4. Educate your Team: The benefit of education goes without saying. But it is truly astonishing how many companies and organizations have staff that just don’t know why they do what they do. And, I’m not talking about how they do their jobs. How many of you have heard, “we’ve always done it this way”? While there is a lot of negativity that surrounds that saying, there is also opportunity. I know what some of you are thinking. Yes, it presents you with an opportunity to change things – wrong. The first few times I heard my employees say this, I dug a little deeper. The more questions I asked, the more I realized that these really good people just didn’t understand the WHY as to what they were doing. At the highest level, I had to get my team to understand that is was ‘ok’ to share information. For so many, it was a big secret to share how decisions made at each individual levels had an impact on the fiscal health of the program. Sharing anything related to finance was voodoo. Further exploration uncovered that a lot of people didn’t know that most of the best practices that we had established as a program were mostly derived from the need to maintain compliance with regulations as set forth by the State of Pennsylvania. The more we teach our team members the WHY behind what they do, the more empowered they are to do their job correctly and with pride. This really came as a ‘no-brainer’ to me. And the most beautiful thing about this is that this new way of thinking has been adopted organization-wide. Huge WIN!
5. Stay Authentic and Humble: An effective leader must be vulnerable enough to have an authentic connection to others, charismatic enough to engage others and humble enough to realize that true leadership involves being of service to others. Leadership is not a title, it’s a way of life. An authentic leader tends to be more interested in empowering employees than they are in money or personal power. These type of leaders tend to be guided by compassion and heart in everything they do. Remaining authentic allows you to not be afraid to admit mistakes and work to overcome shortcomings. This requires constant self-reflection which contributes to staying grounded and becoming a better you each day. One of my favorite sayings is “every day you come to work is another job interview to keep your job”. Remaining authentic and humble helps remind me of this daily.

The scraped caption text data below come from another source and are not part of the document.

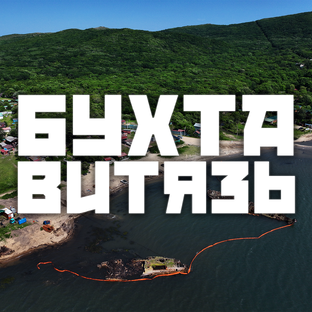 ГЕНЕРАЛЬНАЯ УБОРКА В БУХТЕ ВИТЯЗЬ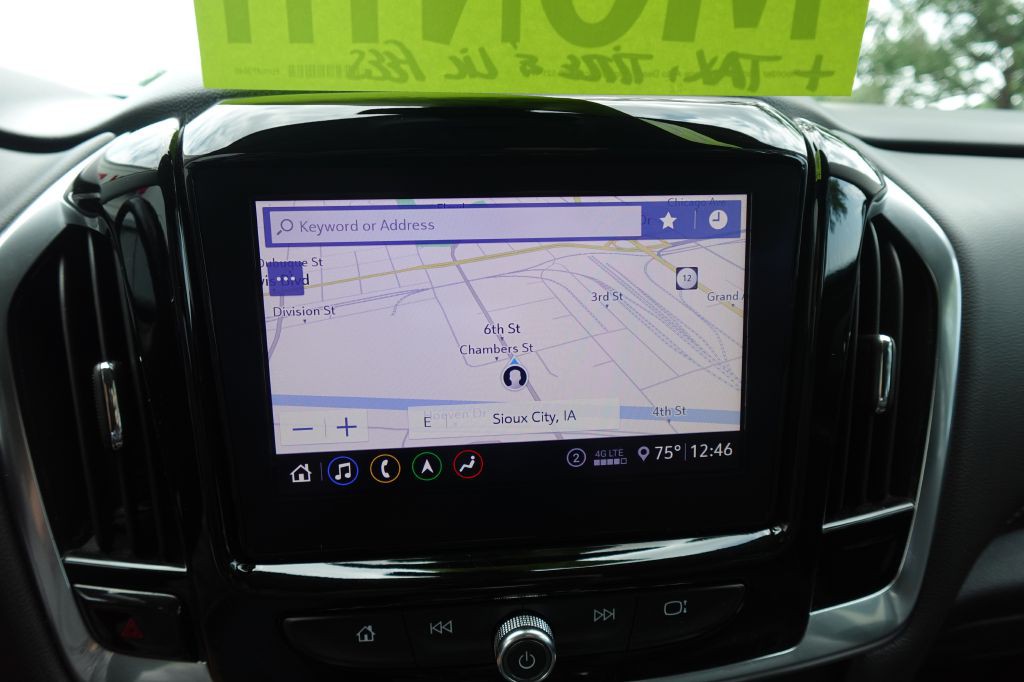 2021 Chevrolet Traverse Image 20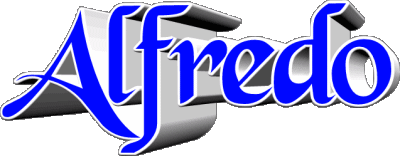 Alfredo A MASCULINE - Italy First Names 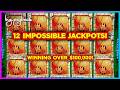 12 impossible slot bucket list jackpots this is why we watch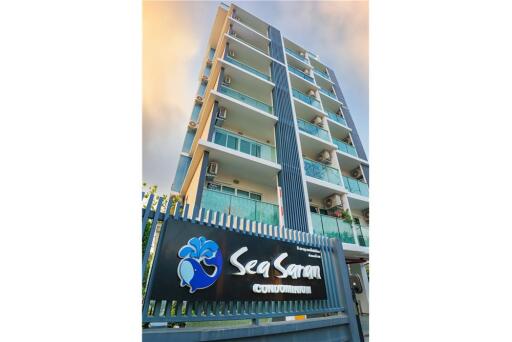 SEA SARAN CONDO FOR SALE - 920311004-886
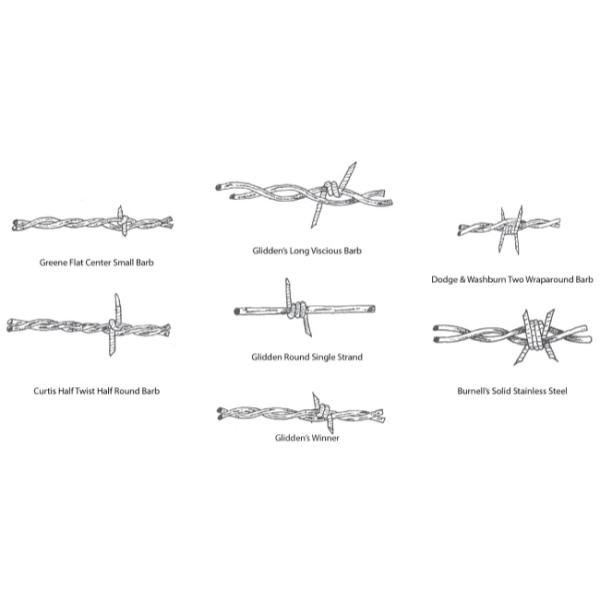 450 мм Концертина Бритвенная катушка 100 м / 200 м / 500 м Высокая прочность на тягу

When leaders show a commitment to the growth of others, the same primal emotions are tapped in those who have been affected. Employees are motivated to reciprocate, expressing their gratitude or loyalty by going the extra mile. If you want to inspire the best from your team, advocate for them, and support their training and promotion.
It’s through daily experiences as a leader that I realize I have absorbed so much. Yet, I still have so much more to learn. Never stagnate in your development. Take the time to invest in your future. Attend seminars, participate in workshops, webinars, podcasts and other professional development events. Talk to other leaders and see how they do things; exchange ideas.
The more you continually evaluate yourself and your practices and search for as much information on leadership as possible, the more you will be able to keep up with changing times and the better leader you will be for it.